» **Provided entries**
+ + +

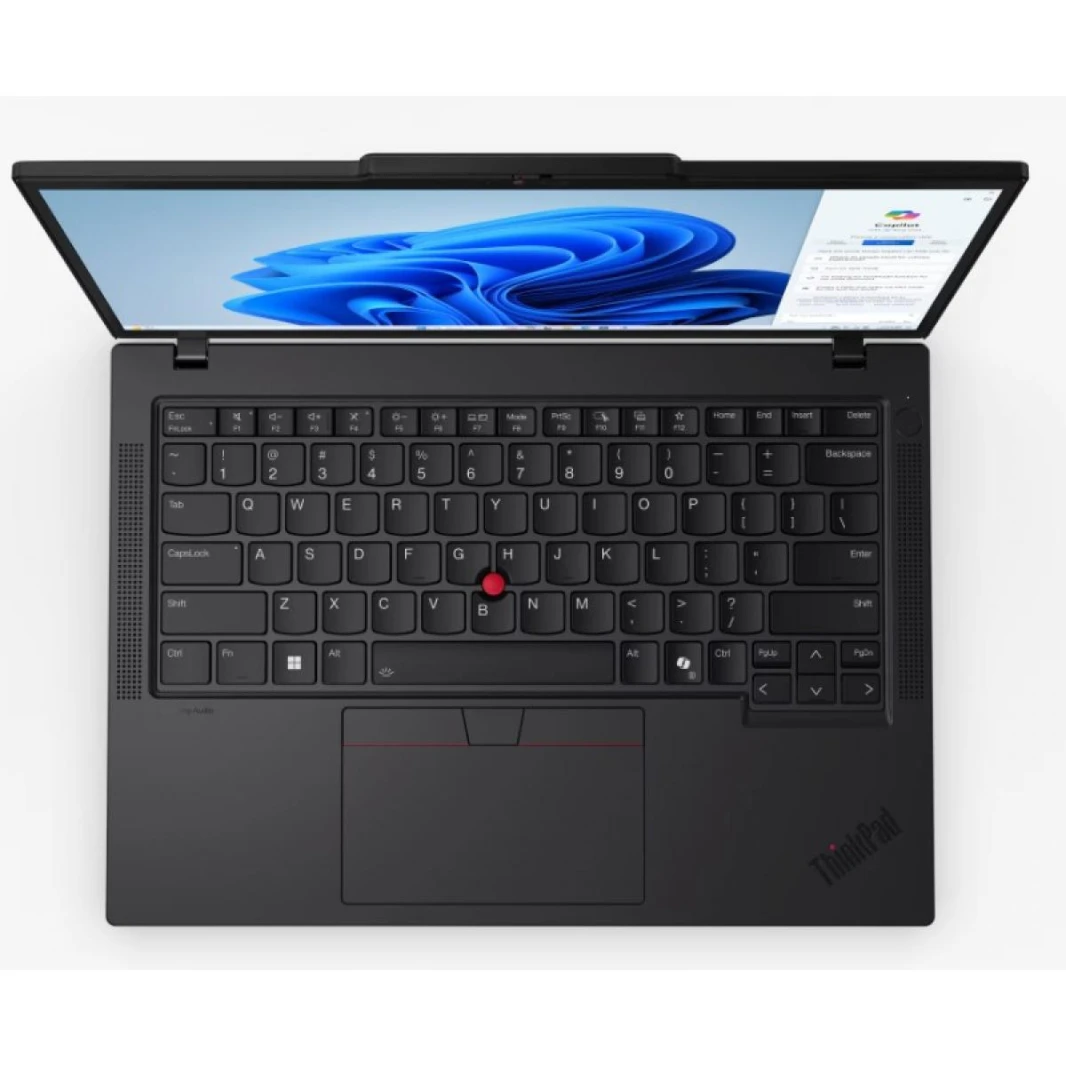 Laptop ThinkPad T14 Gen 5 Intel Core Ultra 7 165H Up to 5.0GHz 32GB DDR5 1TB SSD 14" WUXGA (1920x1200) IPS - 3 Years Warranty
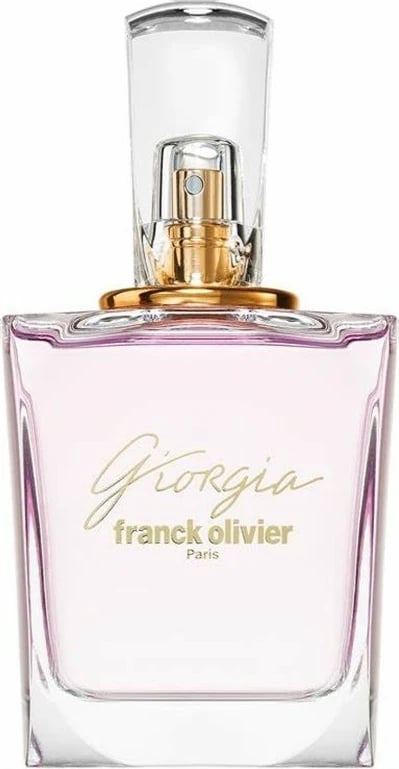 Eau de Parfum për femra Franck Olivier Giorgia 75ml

+ + +

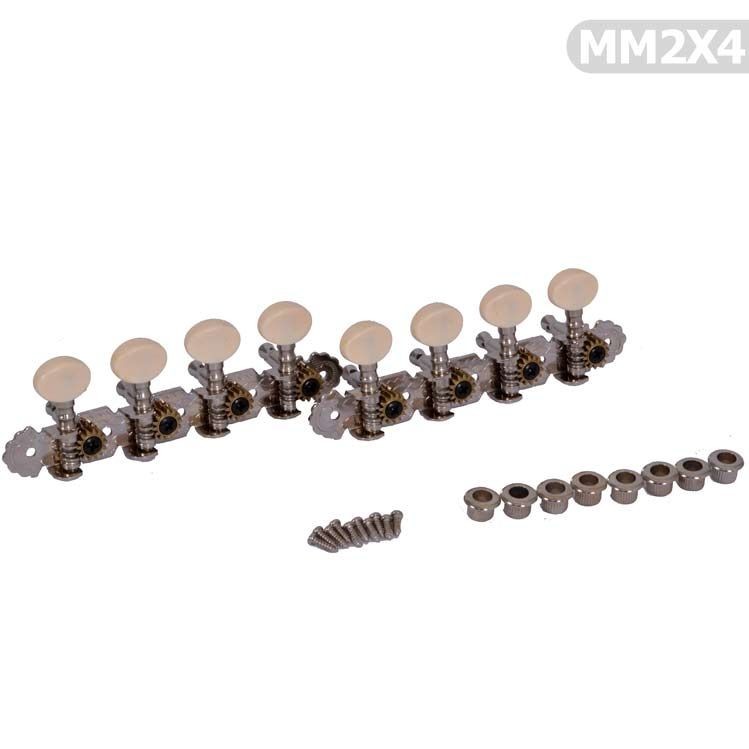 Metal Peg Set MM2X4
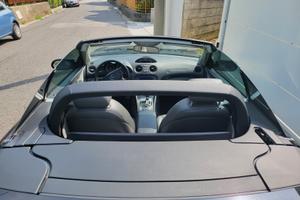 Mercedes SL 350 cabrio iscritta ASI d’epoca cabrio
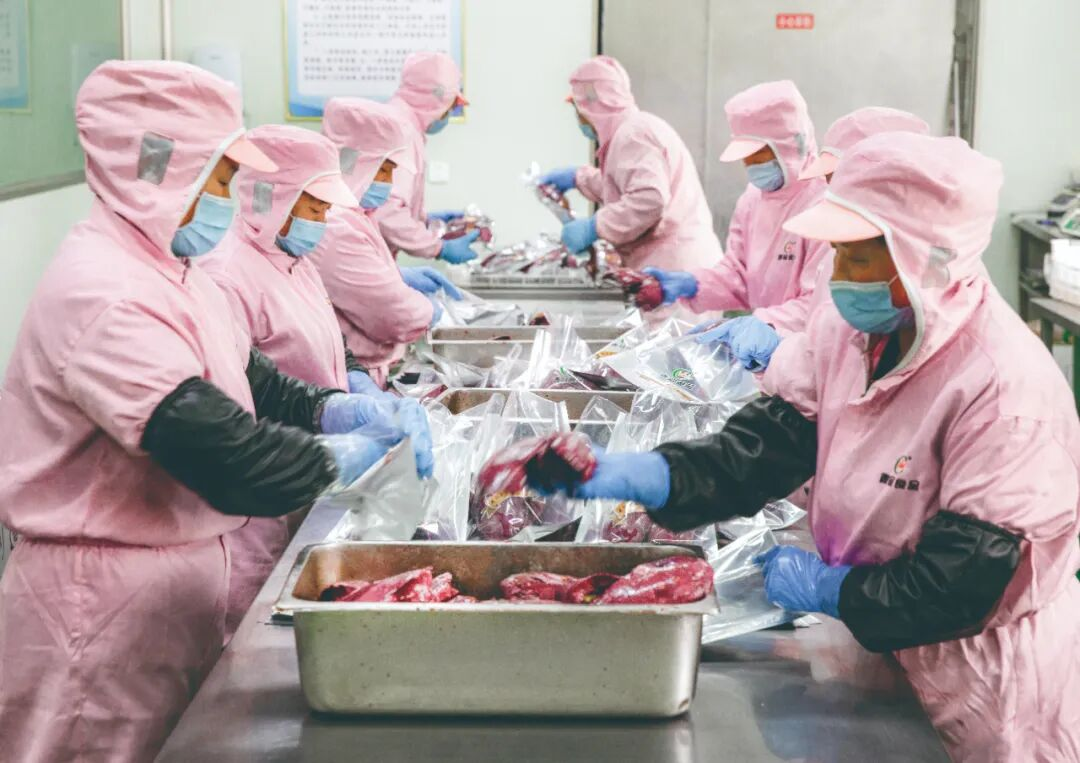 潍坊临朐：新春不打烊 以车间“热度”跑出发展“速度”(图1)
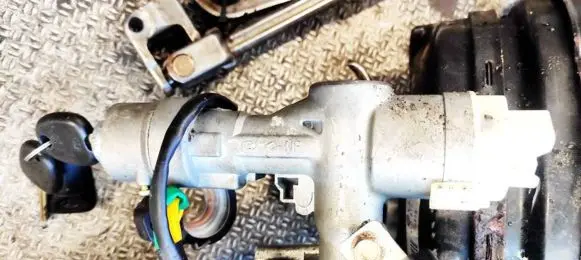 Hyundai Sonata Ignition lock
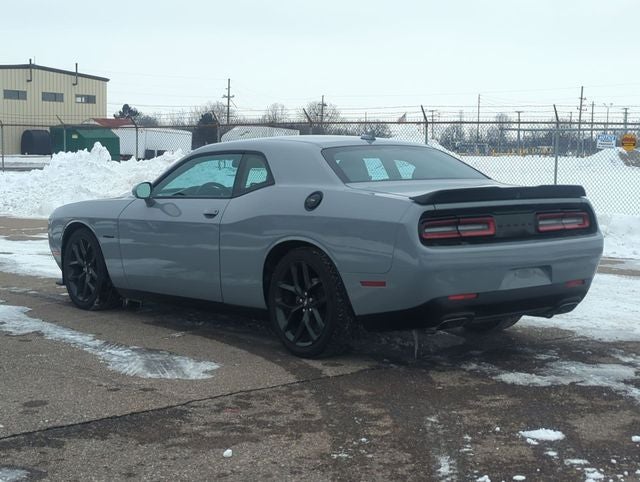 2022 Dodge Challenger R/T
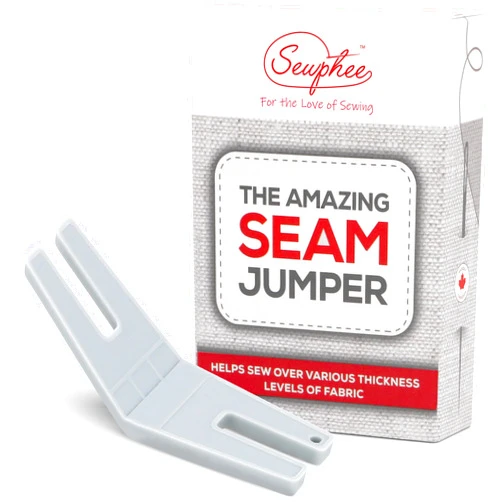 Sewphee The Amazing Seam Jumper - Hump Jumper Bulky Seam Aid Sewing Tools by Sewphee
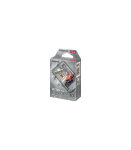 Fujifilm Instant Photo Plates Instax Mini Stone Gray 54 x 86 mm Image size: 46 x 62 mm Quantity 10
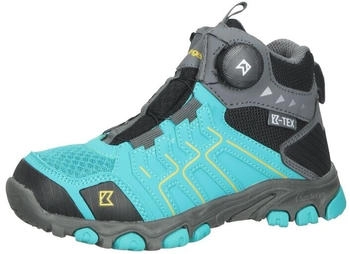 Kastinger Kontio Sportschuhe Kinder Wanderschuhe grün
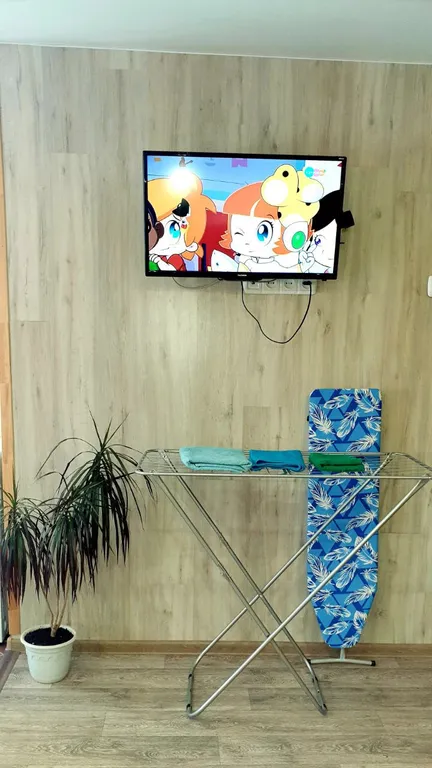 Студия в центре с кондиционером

+ + +

» **Assigned task**
What is needed is an exact copy of only the lines above from the one with "Laptop ThinkPad T14" to the one with "Eau de Parfum", both kept, with every picture left out.

» **Exercise response**
 Laptop ThinkPad T14 Gen 5 Intel Core Ultra 7 165H Up to 5.0GHz 32GB DDR5 1TB SSD 14" WUXGA (1920x1200) IPS - 3 Years Warranty
 Eau de Parfum për femra Franck Olivier Giorgia 75ml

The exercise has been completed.